Annenberg Center for Collaborative Communication

The Annenberg Center for Collaborative Communication (ANNCCC) enables scholars to think and work across institutional, geographic and disciplinary divides. Jointly established by the USC Annenberg School for Communication and Journalism and the University of Pennsylvania’s Annenberg School for Communication, the center’s faculty and doctoral students seek to address emerging global issues broadly across the field of communication and media.

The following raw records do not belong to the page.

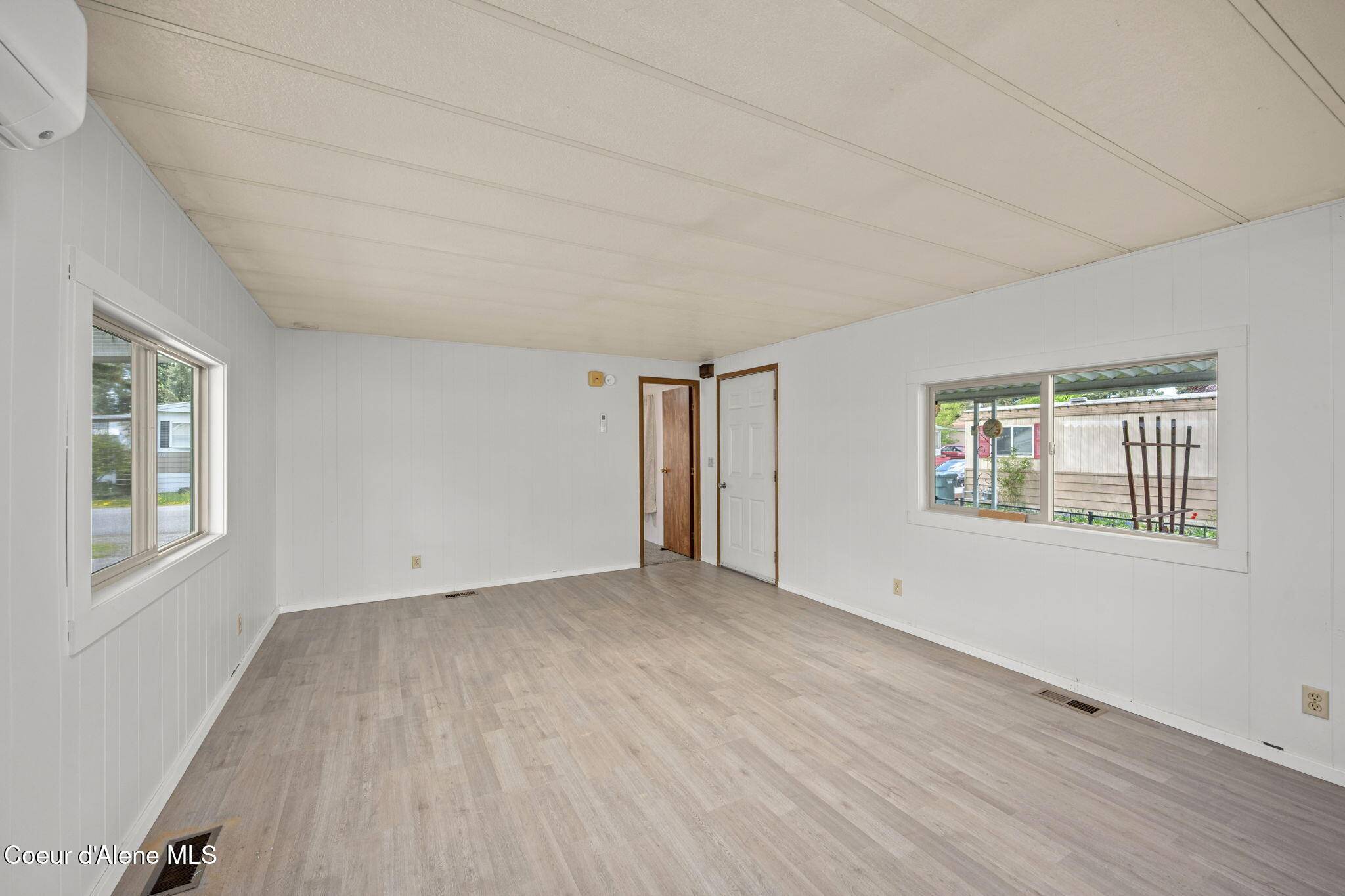 Hayden, ID 83835,8474 N SUNNY LN
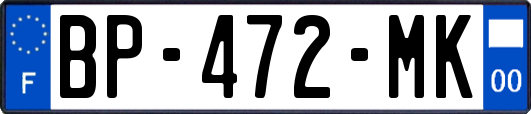 BP-472-MK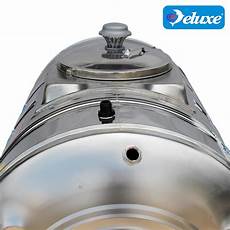 Water Tanks Pe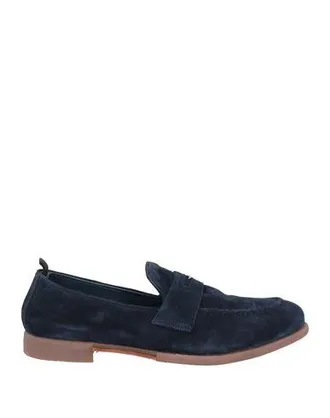 Alberto Guardiani FOOTWEAR - Loafers sur YOOX.COM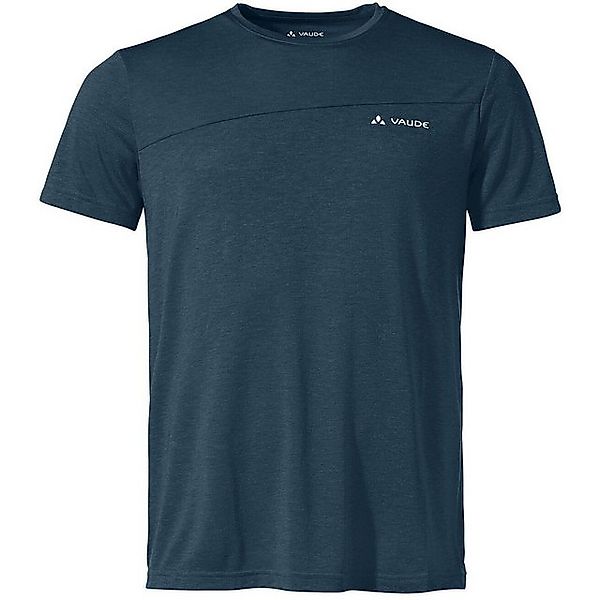 VAUDE T-Shirt Shirt Sveit günstig online kaufen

The first-of-its-kind center not only explores what “collaboration” means for the field of communication and media, but also provides critical infrastructure for reimagining and potentially revolutionizing how collaborative communication can be used to address complex issues such as health care, data privacy, cultural and demographic change, politics, new media, gender/racial equity and justice, media literacy and policy, journalistic trust, and the restructuring of media industries in an evolving age of streaming and networked distribution. 

USC Annenberg and Annenberg Penn Professor Sarah Banet-Weiser — a leading scholar in feminist theory, race and the media, youth culture, popular and consumer culture, and citizenship and national identity — serves as the center’s director. 

In the center’s inaugural year, we are working on programming, including:

  • Collaborative research studies pairing faculty from both schools, as well as formalized interschool mentorship pairings for early-career scholars.
  • Joint annual symposiums organized around a specific theme such as media policy or disinformation, and featuring collaborative research presentations.
  • A methods summer school co-hosted by each institution that could strengthen the methodological sophistication of doctoral students at both schools.
  • Expanding the Annenberg Summer Institute on Diversity in Media and Culture for doctoral students across the country to think critically about how communication-related concerns inform and impact issues of diversity and inclusion.
  • A “study abroad”-type program in which doctoral students could reside for a semester at the other school, giving Penn students an opportunity to be closer to media and cultural industries in Los Angeles, and USC students an opportunity to be closer to political communication and news industries in Philadelphia, New York City, and Washington, D.C.